Rabbi Elazar Hamudaei says, he heard of the
giving of the Torah and he came. Rabbi Eliezer
says: He heard about the splitting of the sea
and he came.
This seems strange. The Torah clearly states
what Yisro heard: “And Yisro, the priest of
Midian, the father-in-law of Moshe, heard of
all that G-d did for Moshe and His people
Israel; that G-d had taken Israel out of Egypt!”
That is why he picked himself up and traveled
to the Sinai desert. Why does the Talmud ask,
“What did he hear that made him come?” And
why does the Talmud offer different reasons
than those stated in the text? Also, what is the
logic behind these three Talmudic opinions?
Must we always argue about everything? Why
do these eminent chachamim attribute Yisro’s
sacrifice to another factor?
A Player, Not a Fan
The question that perturbed the chachamim
was this. Prior to his arrival, Yisro was living
in great honor and distinction. At the height of
his career as the religious leader of Midian,
Yisro was surrounded by riches and glory, as
was the destiny of the Pagan priests of yore.

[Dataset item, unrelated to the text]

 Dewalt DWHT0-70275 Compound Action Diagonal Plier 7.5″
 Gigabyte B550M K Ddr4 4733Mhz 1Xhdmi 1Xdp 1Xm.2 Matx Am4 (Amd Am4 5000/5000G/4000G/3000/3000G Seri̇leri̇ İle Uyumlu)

Yet he left behind all of it, only to arrive in a
barren wilderness, eager to hear the words of
Torah. He no longer saw himself as a Priest of
Midian; instead, he identified himself as the
father-in-law of Moshe. Note the question of
the Talmud: “mah shmuah shama uba?” what
did Yisro hear which compelled him to
COME? Why would a person of such stature
abandon everything in order to pursue an
attraction to Torah? What compels an
aristocratic spiritual leader to abandon his
comfortable habitat and glorious lifestyle and
come join a nation of nomads in a desert? Yes,
the Torah tells us that he heard what G-d did
for Israel and that he took them out of Egypt.
But Yisro could have been content with
hearing the stories from far, watching them on
CNN or Fox News and reading the blogs.
What motivated him to say goodbye to his
past and become one of three million Jews?
You can sit on your couch on Sunday and be
a fan of one team or another; you can be an
admirer, a cheerer, a supporter. But why did
Yisro feel the need to undergo a metamorphosis
from spectator to player? Why did he have to
link his fate to the Jewish fate?
For this, the sages present three alternative
answers. For one, Yisro witnessed the war of
Amalek against Bnei Yisrael; for the other,
Yisro heard of the Torah. For the third, he
heard of the splitting of the sea. These three
events capture the three timeless features
which embody the Jewish story.
The Mystery of Hate
“Rabbi Yehoshua says, he heard of the war of
Amalek against the Bnei Yisrael and he came.”
The war of Amalek represented the timeless
enigma of anti-Semitism. Here was Amalek, a
strong and secure nation, unprovoked and
unthreatened, yet this Amalekite nation found
it necessary to declare war on a young nation
that has just set itself free from decades of
brutal persecution and suffering. The Jews
have been in Pharaoh’s massive concentration
camps for 86 years—beaten, crushed, and
murdered mercilessly. Their infants were
plunged into the Nile River, as the men were
subjected to slave labor and torture. Now,
these people were finally free. Merely a few
weeks after their liberation, Amalek declared a
sudden bloody war on Israel. It was not a
territorial dispute which ignited the conflict, as
Amalek did not even make the claim that the
“Jews were occupying his homeland.” The
Jews were traveling in the wilderness, remote
from Amalek’s territory. Nor were there any
political, economic, or military motivations,
as Israel was minding its own business and not
intending even to visit Amalek’s country.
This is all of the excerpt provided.